CircuitBreakerState tracks the circuit breaker pattern state. The circuit breaker prevents cascading failures by stopping requests when the error rate exceeds a threshold.

func (*CircuitBreakerState) IsClosed

func (c *CircuitBreakerState) IsClosed() bool

IsClosed returns true if the circuit is in closed (normal) state.

func (*CircuitBreakerState) IsHalfOpen

func (c *CircuitBreakerState) IsHalfOpen() bool

IsHalfOpen returns true if the circuit is in half-open (testing) state.

func (*CircuitBreakerState) IsOpen

func (c *CircuitBreakerState) IsOpen() bool

IsOpen returns true if the circuit is open (failing fast).

type Config

type Config struct {
	// CircuitBreaker configures the circuit breaker pattern.
	CircuitBreaker CircuitBreakerConfig

	// RateLimiter configures the token bucket rate limiter.
	RateLimiter RateLimiterConfig

	// Bulkhead configures concurrent request limiting.
	Bulkhead BulkheadConfig
}

Config holds configuration for all resilience primitives.

func DefaultConfig

func DefaultConfig() *Config

DefaultConfig returns a Config with sensible defaults for the Basecamp API.

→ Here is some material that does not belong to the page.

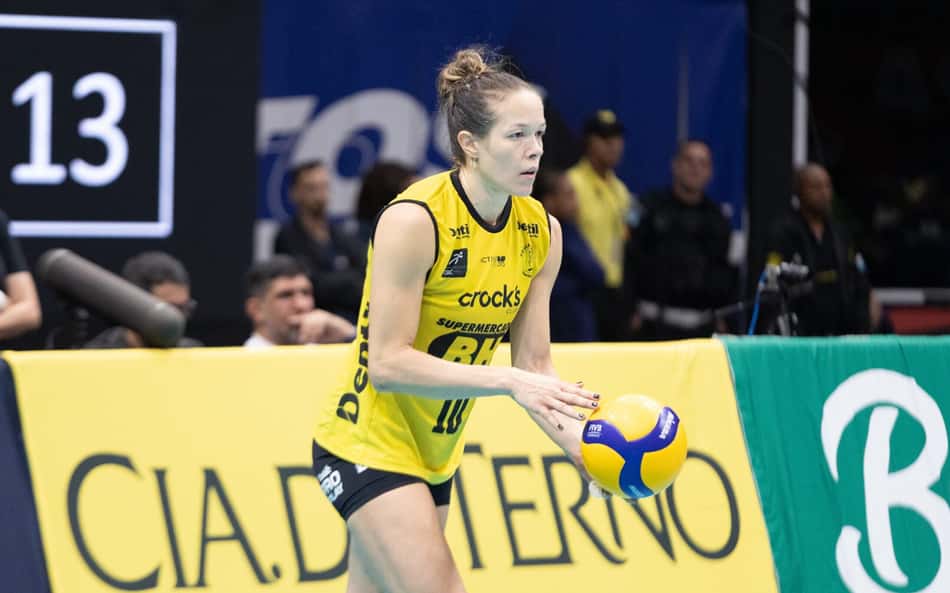 Michelle em ação contra o Flamengo, no primeiro turno da Superliga 25/26 (Foto: Mariana Sá/ Flamengo)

func (*Config) WithBulkhead

func (c *Config) WithBulkhead(bh BulkheadConfig) *Config

WithBulkhead returns a copy of the config with custom bulkhead settings.

func (*Config) WithCircuitBreaker

func (c *Config) WithCircuitBreaker(cb CircuitBreakerConfig) *Config

WithCircuitBreaker returns a copy of the config with custom circuit breaker settings.

func (*Config) WithRateLimiter

func (c *Config) WithRateLimiter(rl RateLimiterConfig) *Config

WithRateLimiter returns a copy of the config with custom rate limiter settings.

type GatingHooks

type GatingHooks struct {
	// contains filtered or unexported fields
}

GatingHooks implements basecamp.GatingHooks to provide resilience patterns for SDK operations. It gates requests through circuit breaker, rate limiter, and bulkhead before they execute.

func NewGatingHooks

func NewGatingHooks(cb *CircuitBreaker, rl *RateLimiter, bh *Bulkhead) *GatingHooks

NewGatingHooks creates a new GatingHooks with the given primitives.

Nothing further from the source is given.